18/04/2010

SILÊNCIOS

Esclarecimentos


Tenho postado aqui crônicas que falam de animais, vegetarianismo, de sensações incomuns, de sensibilidades, de experiências pessoais gratificantes ou não e até de ternuras.
Gostaria de alertar que esse é o meu perfil ideal, aquela veia que tenta encobrir ou superar o meu perfil real: tenho fama de “pavio curto” (agora nem tanto), tenso e impaciente. Por força de minha profissão que exerço há décadas há casos em que me obrigo a ser implacável e “imperdoável”.
Não sou criminalista, mas acompanhei casos à distância. Alguns episódios são crônicas reais que revelam faces do submundo.
Eis que de repente publico uma delas. Espero que não afugente os que me acompanham.
Essa crônica abaixo, já foi postada, não faz muito no blog “Prosa e Verso de Boteco” (http://prosaeversodeboteco.zip.net/). Eu a republico, agora, aqui, como uma forma de reforçar aquele "perfil ideal” que, quem sabe, vá ajudando a superar o meu perfil “real”. Sabem, essas questões de “ternura”, “apreço” e quejandos?



PÁSSAROS COMILÕES

Manhã de domingo, horário novo, verdadeiro, volto mais cansado do que o normal de minhas andanças dominicais de uma hora e tanto. No parque da rua do Porto em Piracicaba.
É que, no Carnaval, principalmente na terça-feira, fui subjugado por uma gripe violenta. Há sequelas, ainda. Minha filha me diz ao fone que é coisa de velho. Reajo – velho não, jamais; antigo, sim! Ao fundo ouço aqueles ruidinhos enternecedores próprios de bebezinhos. Eram as gêmeas, agarradas, reclamando sua atenção.
Acomodo-me na minha poltrona favorita, ou única no meu pequeno escritório aqui de casa.
Antes, bem cedo, como que anunciado o fim do horário de verão, maritacas barulhentas empoleiradas no coqueiro ao lado do quarto, emitiam aquele som muito próprio delas, agudo, alto.
Baixa o silêncio total nas redondezas.
Da janela fixo-me nos movimentos dos passarinhos que avançam sobre cuias de mamão e bananas sobre o muro, que diariamente lhes são garantidas. Deliciam-se, afoitos, disputam, derrubam as frutas e quando me percebem espiando esvoaçam...fogem, mas voltam dali a pouco. Não que eu tenha feito qualquer movimento para espantá-los. Erguem a cabecinha, reviram-na a quase 180º e aqueles olhinhos tentam divisar algum inimigo, alguma ameaça. São as graças divinas. Por perto só eu que os amo, mas eles não acreditam nisso. Desconfiam, porque têm razões para desconfiar.

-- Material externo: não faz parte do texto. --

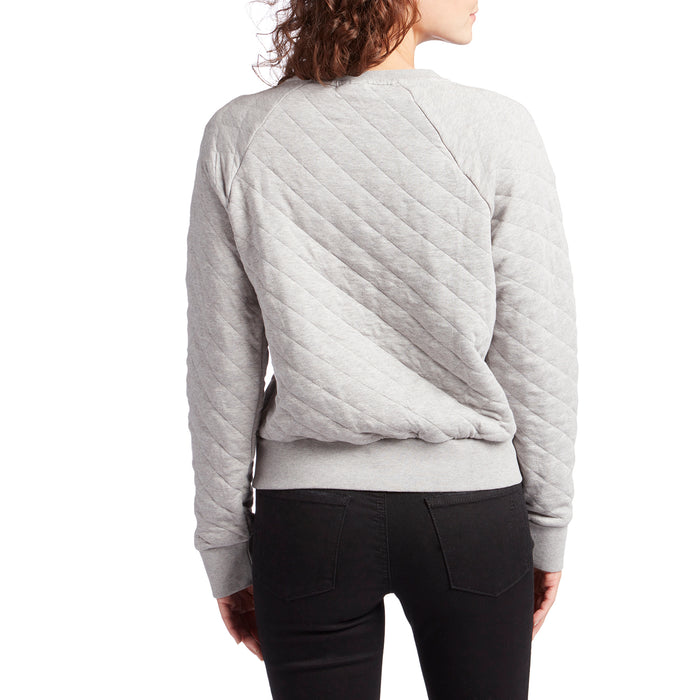 Patagonia Organic Cotton Quilt Crew - Women's Drifter Grey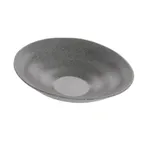 image of GET ZEA100 Cheforward Zeal Bowl, 98oz, 13"L x 11"W x 3"H, Melamine, Grey, Dishwasher Safe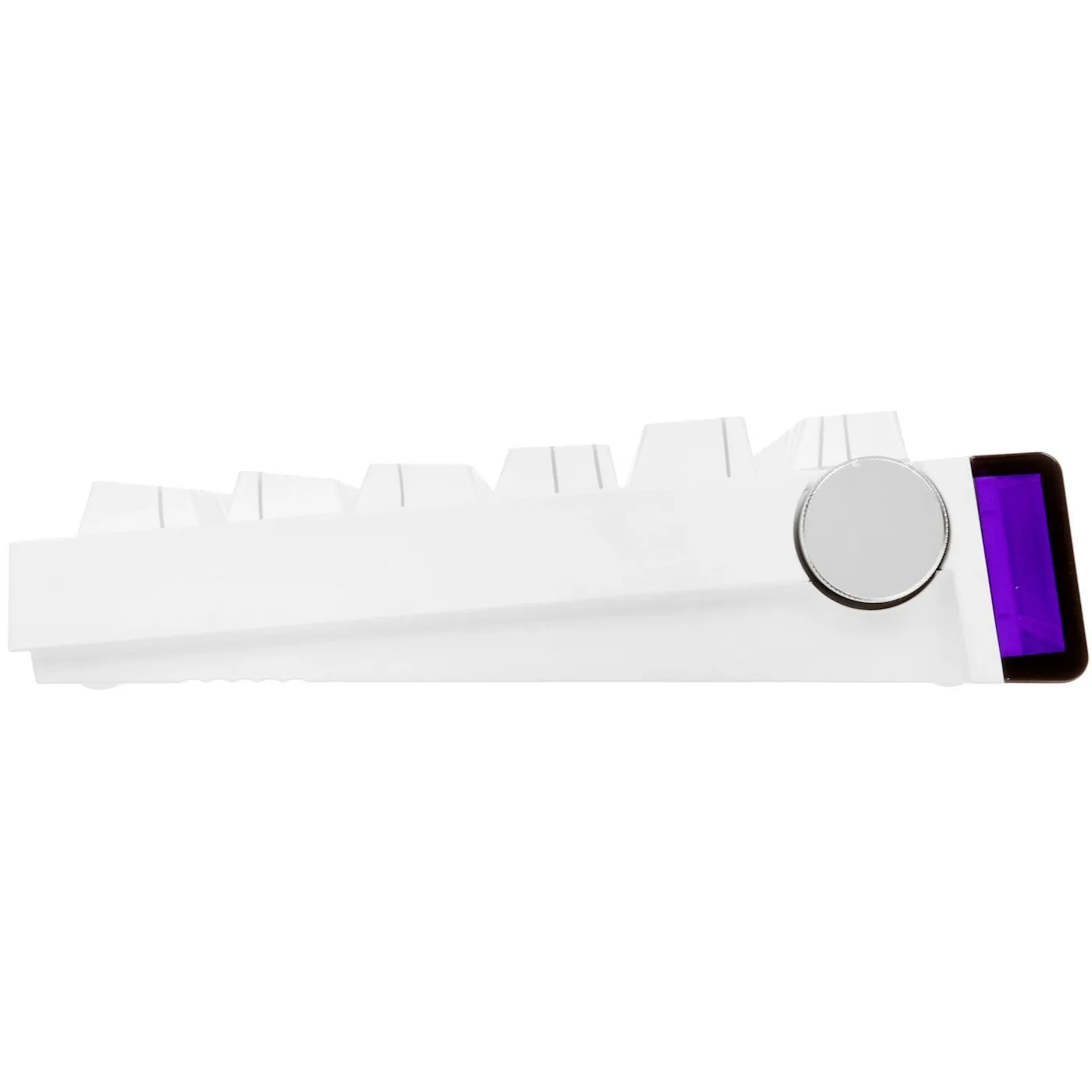 Клавиатура Attack Shark R85 HE White Contour, 75%, Magnetic Purple Mandrel, EN, Wired USB-C — фото 6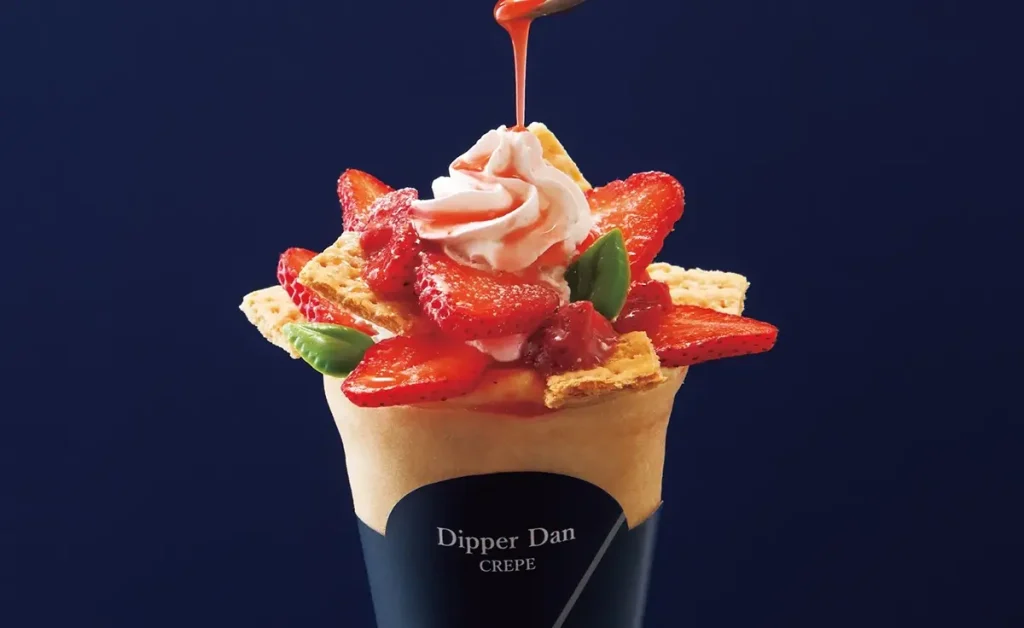 阪急三番街 ディッパーダン クレープ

Uma tarde flagrei um papagaio também avançando sobre os restos de frutas que sobraram. Nunca vi ave tão colorida e brilhante. Infelizmente não voltou mais.


São nesses momentos que me volto para o que fui, para o que sou e o que deixei de ser, embora quisesse e, afinal, o que me resta?
Com todas as atribulações, meditando sobre os encantos e desencantos da profissão que exerço não por diletantismo, na fuga de um passarinho azulzinho, a resposta sutil me veio de não sei de onde:
- Te resta ser feliz, ô meu!

(“Ser feliz”, sem pessimismos e sob risco de cair no lugar comum, está muito difícil neste mundo de hoje, com tantas desgraças, tantas tragédias, tantas catástrofes e tantas ameaças diárias; essa relatividade já tentei demonstrar numa velha crônica, aqui postada há pouco, “Conceito de felicidade” em 17.01.2010)


Foto: “Papagaios empoleirados num fio elétrico”, de Eduardo Pimentel Martins extraída de filmagem em Extrema – Sul de Minas.

2 comentários:

Caio Martins disse...

M'rmão, somos de uma geração que lutou, cada um a seu modo e jeito, por um mundo melhor. E continuamos e continuaremos. É o que nos faz felizes, tanto nos melhores, quanto nos piores momentos.

Forte abraço.

Ivana Maria disse...

Sim, amigo, é dificílimo ser feliz num mundo mergulhado em tragédias, violência e desgraças.
Mas deixe aflorar mais vezes seu perfil ideal para deleite de seus leitores. Estará colaborando para melhorar a egrégora do mundo.